Разве в них есть действительное стремление определить, позволяет ли помутнение рассудка не считать виновника деяния субъектом, несущим за свои поступки юридическую ответственность? Ничего подобного. Экспертиза выполняет совсем другую функцию.
Глава 2. Безумие и преступлениеЛекция от 15 января 1975 г
— Извращенность и ребячество.
— Опасный индивид.
— Эксперт-психиатр не может не быть персонажем в духе короля Убю.
— Эпистемологический уровень психиатрии и его регрессия в судебно-медицинской экспертизе.
— Конец конфликтных отношений между медицинской и судебной властями.
— Экспертиза и ненормальные.
— Критика понятия репрессии.
— Исключение прокаженных и включение зачумленных.
— Открытие позитивных технологий власти.
— Нормальное и патологическое.
На прошлой неделе, по окончании лекции, кто-то спросил меня: может быть, я ошибся и, вместо того чтобы читать обещанный курс о ненормальных, решил заняться судебно-медицинскими экспертизами? Это совсем не одно и то же, но вы увидите, как, начав с проблемы судебно-медицинской экспертизы, я выведу вас к проблеме ненормальных.

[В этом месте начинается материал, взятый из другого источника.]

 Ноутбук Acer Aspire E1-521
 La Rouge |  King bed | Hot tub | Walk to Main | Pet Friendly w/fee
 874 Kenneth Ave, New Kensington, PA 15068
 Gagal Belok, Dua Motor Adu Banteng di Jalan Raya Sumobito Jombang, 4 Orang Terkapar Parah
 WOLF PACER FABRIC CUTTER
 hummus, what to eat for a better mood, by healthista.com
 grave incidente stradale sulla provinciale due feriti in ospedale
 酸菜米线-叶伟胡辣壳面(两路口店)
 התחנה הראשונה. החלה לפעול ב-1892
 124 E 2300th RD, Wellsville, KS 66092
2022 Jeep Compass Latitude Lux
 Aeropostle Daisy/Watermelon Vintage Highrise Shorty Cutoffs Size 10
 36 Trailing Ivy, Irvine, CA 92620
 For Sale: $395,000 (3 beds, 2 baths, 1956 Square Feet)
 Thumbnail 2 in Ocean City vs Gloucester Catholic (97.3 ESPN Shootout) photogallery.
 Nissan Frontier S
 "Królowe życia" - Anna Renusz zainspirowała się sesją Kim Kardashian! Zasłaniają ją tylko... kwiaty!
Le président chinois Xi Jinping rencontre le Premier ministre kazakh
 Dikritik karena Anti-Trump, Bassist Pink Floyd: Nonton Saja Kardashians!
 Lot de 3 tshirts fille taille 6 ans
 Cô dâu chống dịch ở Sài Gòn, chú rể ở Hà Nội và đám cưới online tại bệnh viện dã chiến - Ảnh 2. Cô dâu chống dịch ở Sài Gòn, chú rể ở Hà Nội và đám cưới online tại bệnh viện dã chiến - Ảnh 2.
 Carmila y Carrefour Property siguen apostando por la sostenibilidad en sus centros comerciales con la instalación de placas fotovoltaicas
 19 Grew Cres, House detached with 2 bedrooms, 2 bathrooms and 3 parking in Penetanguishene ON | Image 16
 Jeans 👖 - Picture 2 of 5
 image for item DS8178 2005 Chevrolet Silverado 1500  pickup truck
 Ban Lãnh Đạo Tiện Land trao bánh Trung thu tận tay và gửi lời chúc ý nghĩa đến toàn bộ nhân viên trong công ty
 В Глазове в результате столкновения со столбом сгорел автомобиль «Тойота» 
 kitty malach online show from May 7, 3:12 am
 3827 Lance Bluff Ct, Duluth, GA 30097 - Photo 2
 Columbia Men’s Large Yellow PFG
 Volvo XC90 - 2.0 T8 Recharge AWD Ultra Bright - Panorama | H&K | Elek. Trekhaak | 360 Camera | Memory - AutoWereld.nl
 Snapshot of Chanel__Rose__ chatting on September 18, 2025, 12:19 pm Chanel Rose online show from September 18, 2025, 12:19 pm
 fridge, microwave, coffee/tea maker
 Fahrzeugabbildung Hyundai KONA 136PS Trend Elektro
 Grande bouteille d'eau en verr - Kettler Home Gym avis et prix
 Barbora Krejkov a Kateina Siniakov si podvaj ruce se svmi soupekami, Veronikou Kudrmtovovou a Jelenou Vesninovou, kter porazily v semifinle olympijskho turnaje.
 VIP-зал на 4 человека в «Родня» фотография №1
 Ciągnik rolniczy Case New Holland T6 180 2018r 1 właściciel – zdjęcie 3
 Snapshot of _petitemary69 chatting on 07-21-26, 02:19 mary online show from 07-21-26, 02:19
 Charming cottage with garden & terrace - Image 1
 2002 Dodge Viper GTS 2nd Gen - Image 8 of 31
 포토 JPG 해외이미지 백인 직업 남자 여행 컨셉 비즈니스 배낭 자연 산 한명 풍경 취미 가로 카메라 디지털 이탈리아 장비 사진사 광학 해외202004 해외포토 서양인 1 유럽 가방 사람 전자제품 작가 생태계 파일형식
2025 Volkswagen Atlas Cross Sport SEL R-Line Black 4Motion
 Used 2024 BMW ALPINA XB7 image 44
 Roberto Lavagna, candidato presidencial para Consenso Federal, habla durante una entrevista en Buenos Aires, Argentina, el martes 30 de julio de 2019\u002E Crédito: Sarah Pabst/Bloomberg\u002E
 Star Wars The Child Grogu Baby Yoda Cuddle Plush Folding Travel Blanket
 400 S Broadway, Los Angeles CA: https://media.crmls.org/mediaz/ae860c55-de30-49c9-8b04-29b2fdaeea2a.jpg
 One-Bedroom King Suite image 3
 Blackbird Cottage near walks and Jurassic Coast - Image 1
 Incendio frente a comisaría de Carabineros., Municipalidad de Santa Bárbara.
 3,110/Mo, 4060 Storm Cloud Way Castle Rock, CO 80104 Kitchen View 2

В самом деле, я попытался показать вам, что в терминах Уголовного кодекса 1810 г., в тех самых формулах знаменитой 64-й статьи, где нет ни преступления, ни правонарушения, если индивид в момент их совершения был в состоянии помутнения рассудка, экспертиза должна позволять, во всяком случае должна была бы позволять, провести раздел — дихотомический раздел между болезнью и ответственностью, между патологической обусловленностью и свободой юридического субъекта, между терапией и наказанием, между медициной и уголовной практикой, между больницей и тюрьмой. Нужно выбрать, так как безумие упраздняет преступление, так как безумие не может быть местом преступления и, наоборот, само по себе преступление не может быть деянием, коренящимся в безумии. Принцип вращающейся двери: когда на сцену выходит патологическое, криминальность, в терминах закона, должна исчезнуть. В случае безумия медицинский институт должен главенствовать над институтом судебным. Правосудие не может заниматься безумцем или, точнее, безумие [rectius: правосудие] должно отступиться от безумца, как только оно признает его таковым: это принцип прекращения дела в юридическом смысле этого термина.